But by my junior year of high school, I was skeptical. I’d started reading feminist blogs and spending time at artsy summer camps. I didn’t plan on applying to Notre Dame, and I rarely “remembered” to go to confession. When I suggested in youth group that making abortion illegal wouldn’t actually reduce abortions, but rather make them more dangerous, it wasn’t well received. I left the church when I was 15, finding meaning in feminism and hope in Barack Obama, making occasional appearances at church at Christmas Masses and Easter liturgies. When I registered to vote at 18, I registered as a Democrat. I couldn’t help but remember my mother’s story about my grandfather’s insistence that she register Republican — it was public record, and news would travel in the small town she grew up in.

Around me, Catholic schools closed because of declining enrollments. The Polish churches with the Polish Masses that my grandparents attended closed as parishioners died and congregations dwindled. My grandparents left their houses and moved into nursing homes, and I didn’t know what happened to my grandmothers’ crucifixes and rosaries. I assumed that they were given away or gathering dust in basement boxes, relics of a world that would never be mine.

 *

I wander. Early this fall, I email Amistad: I’m a student journalist, I say. I’m interested in spending some time at Amistad. I’m happy to help out, serving meals or however I can make myself useful. Ten minutes later, Luz emails me back: “Mark is scheduled to be sentenced at the New Haven court today at 3. When were you thinking of stopping in? Mark may or may not be in jail after today’s verdict, so I can let you know if he’s around.”

I leave class, surrender my cell phone at the courthouse’s entrance, and wander through the halls until I find the right courtroom.

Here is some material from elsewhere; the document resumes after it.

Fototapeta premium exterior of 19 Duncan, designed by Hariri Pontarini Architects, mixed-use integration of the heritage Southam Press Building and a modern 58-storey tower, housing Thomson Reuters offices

Mark, Greg, and two other local activists are being sentenced for blocking the doors of a Hartford courthouse, protesting the deportation of their friend Josemaria Islas, an undocumented immigrant. Mark spoke little, except to say that he, like the others, wouldn’t pay the fine the judge was imposing. At the very end of the sentencing, he added: “It’s going to take some courage to get out of under that mountain of violence and injustice.”

 *

After eating on that night in November, we walk a few blocks to Maryhouse. When we arrive, I can’t make out much about the building. But I know it’s nothing like the soaring cathedral where I attended church every weekend. We crowd into a low-ceilinged basement room, where the walls bear the now-familiar faces of Day, Gandhi, and King. A bulletin board holds dozens of tributes to deceased members of the congregation. Children roam freely; a woman wears a shirt that reads “free Guantanamo — end torture.”

The priest begins — we’re celebrating, he says, the anniversary of Day’s death.

“This is her birthday. She dies on the 29th!” a congregant cries out.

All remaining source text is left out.